Now that’s shocking because I love TV. I was the TV critic for TV Guide and People magazines and I created a damned entertainment mag and appeared on TV and watched TV. I kept four VCRs going at once almost every night. I knew what was happening in every corner of prime time. This weekend, when I took my son on the NBC studios tour in New York (our clever avoidance of a visit to the American Girl store with the women of the house), I was the only person in the group who could name every founding cast member of Saturday Night Live. TV was my life. Was.

But here comes the new fall season and, frankly, I couldn’t give a damn. I’m not watching any new series. I’m not following old series. I’m not watching broadcast TV. Three reasons:

1. The internet and the distraction of blogs. I spend a great deal of my day doing just what I’m doing at this second: reading and writing on the internet. I don’t consume media anymore; I live it.
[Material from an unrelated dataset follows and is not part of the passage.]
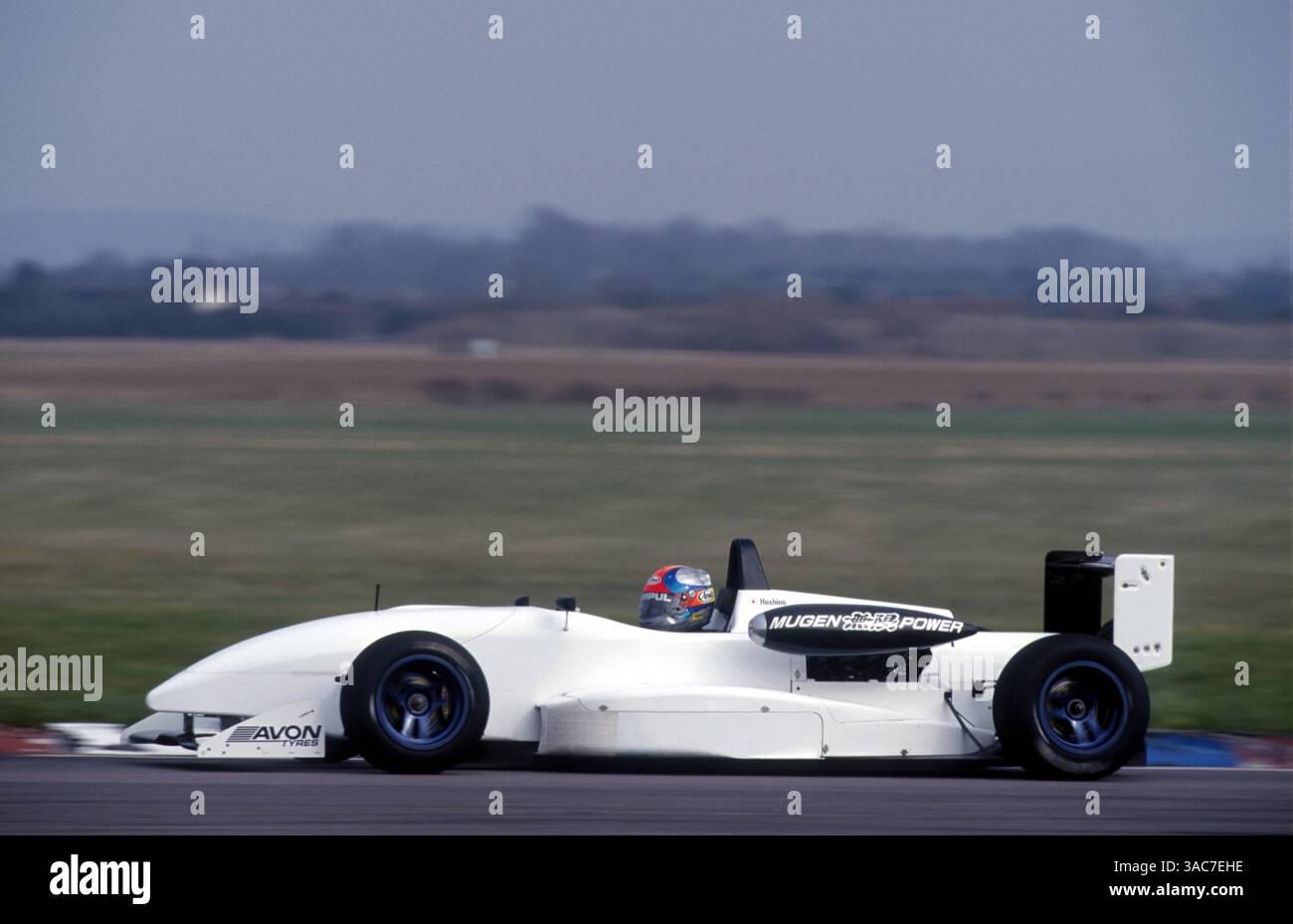 Kazuki Hoshino, fils de la légende japonaise Kazuyoshi, testé avec Carlin. Essais monoplace - Thruxton, Royaume-Uni, 21-22 février 2001 (crédit image : ©Sutton Motorsports/ZUMA Press) Banque D'Images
2. Cable is so damned good. There are great shows on cable, especially on HBO, and I watch them with the same devotion I used to give to Cheers or Hill St. Blues and Seinfeld. But The Sopranos and The Wire and Curb Your Enthusiasm are better and more addictive. And even when I’m not watching them, I’m watching niche TV: We love do-it-yourself home improvement shows, for example. As with all other media, one-size-fits all is dead; nice programming — quality niches, special-interest niches, audience niches — are taking over.

3. Broadcast is getting so damned bad. I am not now and never have been and never will be a snob about TV. I look down my nose at people who look down their noses at people who watch TV; I distrust anybody who brags to me that they don’t own a TV or just watch PBS. Bull. But I do have to say that I have not become a regular with The Apprentice or Survivor or American Idol and I do believe that — as with all other trends that threatened to eat TV — these, too shall pass. And then where will the networks be?

All of this is to say that the studies showing a decline in TV viewership tied to an increase in internet usage are right. I’m the damned poster child.

A greater percentage of the Internet households surveyed by the Digital Future Project indicated that they spent less time watching TV in 2003 than previous years. Nearly 38 percent said they spent less time watching television in 2003, compared to 31 percent in 2002, and 33 percent in 2001.

The greatest impact on television viewing was seen among veteran users with 7+ years online, with 45.5 percent saying they watched less since they started using the Internet. In 2001, just 35 percent said the Internet caused them to watch less TV. That swelled to 38 percent in 2002.

Just wait until TV explodes with alternate means of delivery — via the internet — and alternate sources of programming — the citizens. The death of the network age, so often predicted, is upon us.